§ **YOUR GOAL**: The full listing needs to be output exactly.

§ **DATA SEGMENT**:
++++++++

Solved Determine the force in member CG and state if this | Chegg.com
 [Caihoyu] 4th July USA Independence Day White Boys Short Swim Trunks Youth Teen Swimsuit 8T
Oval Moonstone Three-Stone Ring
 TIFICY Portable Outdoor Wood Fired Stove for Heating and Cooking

++++++++

§ **TASK RESPONSE**:
Solved Determine the force in member CG and state if this | Chegg.com
 [Caihoyu] 4th July USA Independence Day White Boys Short Swim Trunks Youth Teen Swimsuit 8T
Oval Moonstone Three-Stone Ring
 TIFICY Portable Outdoor Wood Fired Stove for Heating and Cooking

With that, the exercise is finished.